BOZEMAN (AP) — As Waded Cruzado came to Bozeman four years ago to become Montana State University's president, she sent out copies of a business management book she found inspiring.

Entitled "Good to Great," the book could describe what Cruzado is trying to achieve at MSU.

MSU's first woman and first minority president has racked up a list of record-breaking accomplishments and fans. After this month's Equal Pay Summit at MSU, national activist Lilly Ledbetter called Cruzado "this fireball." Montana Gov. Steve Bullock had similar praise.

"President Cruzado is a rock star," Bullock said in a statement. "Her vision for MSU is matched only by her willingness to work hard to get there."

"I'm very happy about the progress we're making," Cruzado, 54, said in an interview in her Montana Hall office, speaking in the Spanish accent of her native Puerto Rico.

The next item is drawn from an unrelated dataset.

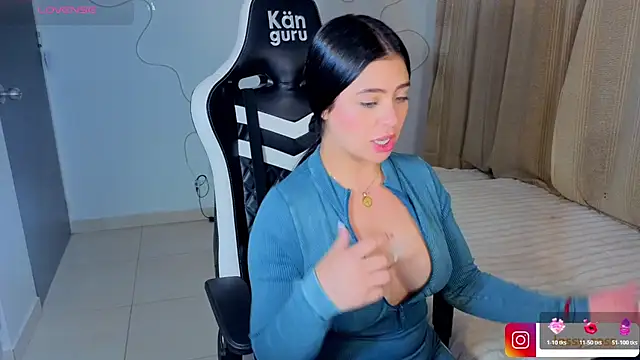 Chatroom XXX en direct de Victoryyy_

"I think we already had a great university — we can always aspire to be better," Cruzado said. She spoke of looking for ways "to reach higher and farther, for the sake of the people of Montana."

When an organization gets people on the same page, working together toward clear goals, she said, it achieves what "Good to Great" author Jim Collins calls the "flywheel" effect — the opposite of a downward spiral.

"It's cranking up, gaining speed," Cruzado said and smiled. "I'm feeling that at Montana State."

Her success at fundraising has certainly been cranking up.

Cruzado had been in office a short time when she launched an unprecedented campaign that raised $6 million in a few months to expand the Bobcat Stadium end zone. The project gave the whole football arena a big-time feel and impressed Bobcat Club boosters like John Smith — who credited Cruzado's "energy and drive."

In 2011 she announced that MSU alumnus and furniture business owner Jake Jabs was donating $25 million — the largest gift in state history — to build a new College of Business building.

Last month she topped herself by announcing that Norm Asbjornson, another successful business owner and alumnus, was giving $50 million — a new state record — to build a new College of Engineering building.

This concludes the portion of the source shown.